_Working data_
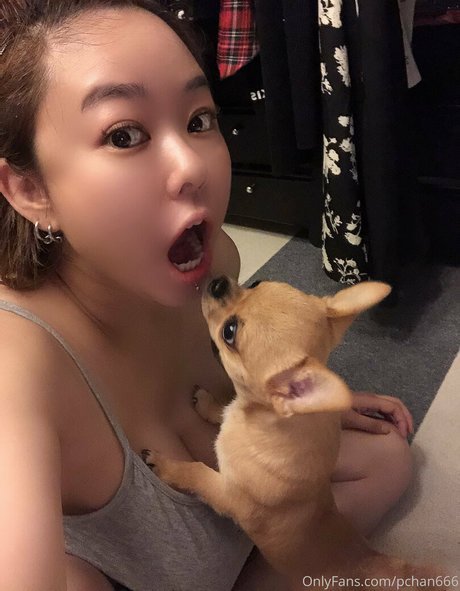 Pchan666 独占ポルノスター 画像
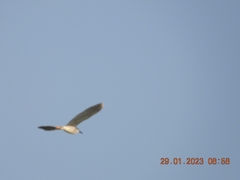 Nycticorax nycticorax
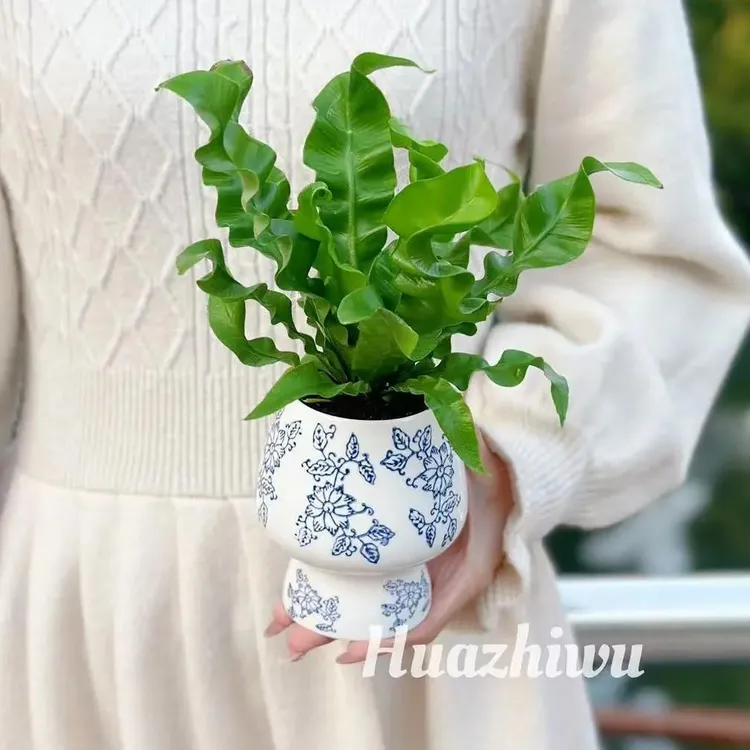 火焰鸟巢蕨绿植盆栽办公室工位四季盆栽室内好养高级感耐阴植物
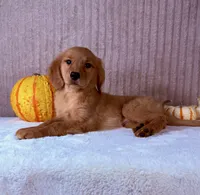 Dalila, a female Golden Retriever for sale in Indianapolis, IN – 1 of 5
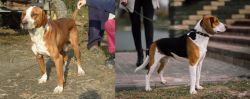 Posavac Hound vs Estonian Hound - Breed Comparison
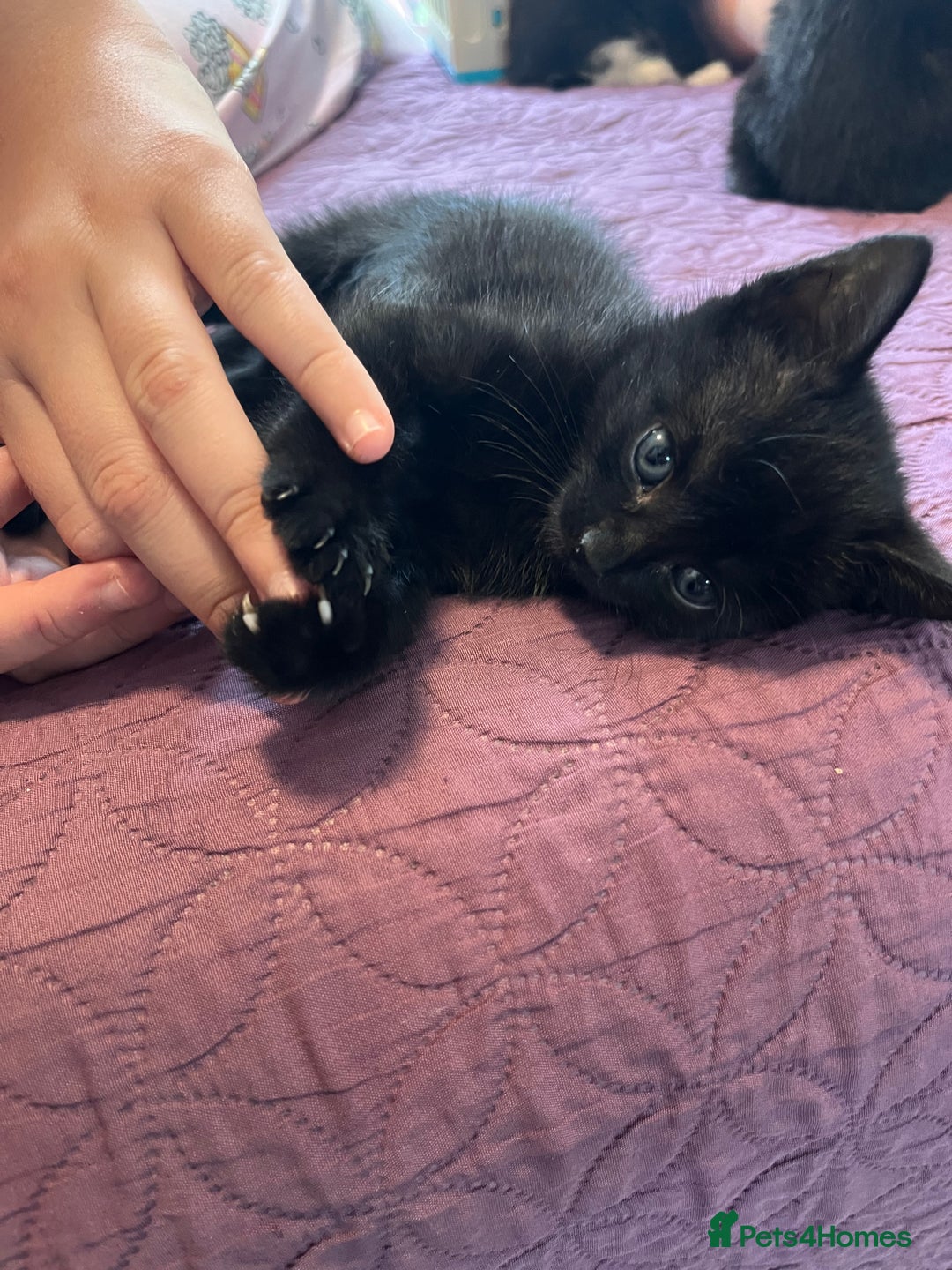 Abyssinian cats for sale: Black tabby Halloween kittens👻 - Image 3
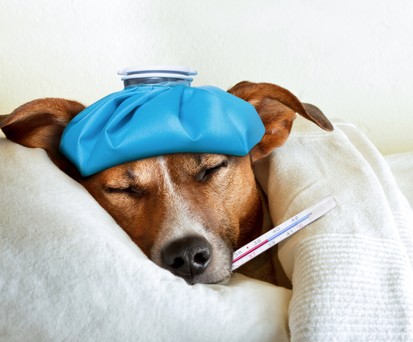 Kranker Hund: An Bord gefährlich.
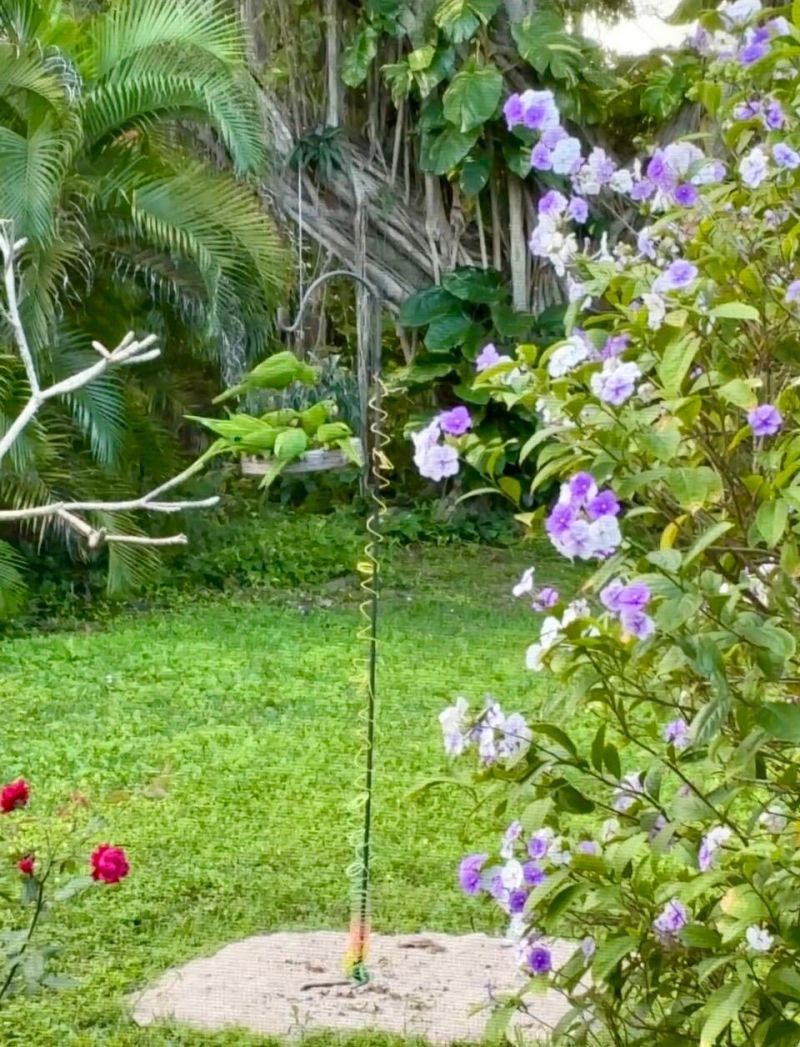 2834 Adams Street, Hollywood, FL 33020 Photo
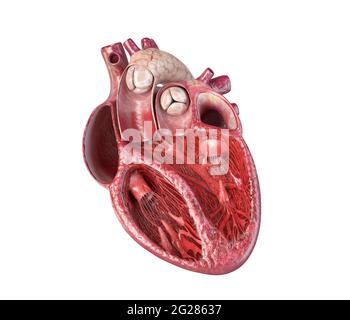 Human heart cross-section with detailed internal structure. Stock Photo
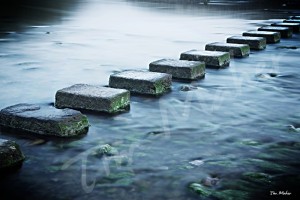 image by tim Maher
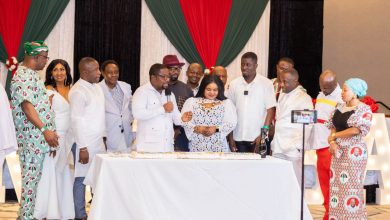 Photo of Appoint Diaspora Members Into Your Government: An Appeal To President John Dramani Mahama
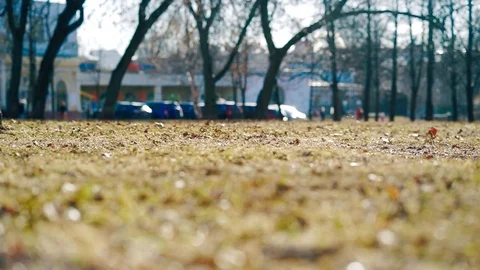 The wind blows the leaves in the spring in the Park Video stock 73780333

_Required action_
Could you restate exactly the lines from the line containing "Nycticorax nycticorax" through the end of the listing, both ends included and nothing else, leaving the images out?

_Solution_
 Nycticorax nycticorax
 火焰鸟巢蕨绿植盆栽办公室工位四季盆栽室内好养高级感耐阴植物
 Dalila, a female Golden Retriever for sale in Indianapolis, IN – 1 of 5
 Posavac Hound vs Estonian Hound - Breed Comparison
 Abyssinian cats for sale: Black tabby Halloween kittens👻 - Image 3
 Kranker Hund: An Bord gefährlich.
 2834 Adams Street, Hollywood, FL 33020 Photo
 Human heart cross-section with detailed internal structure. Stock Photo
 image by tim Maher
 Photo of Appoint Diaspora Members Into Your Government: An Appeal To President John Dramani Mahama
 The wind blows the leaves in the spring in the Park Video stock 73780333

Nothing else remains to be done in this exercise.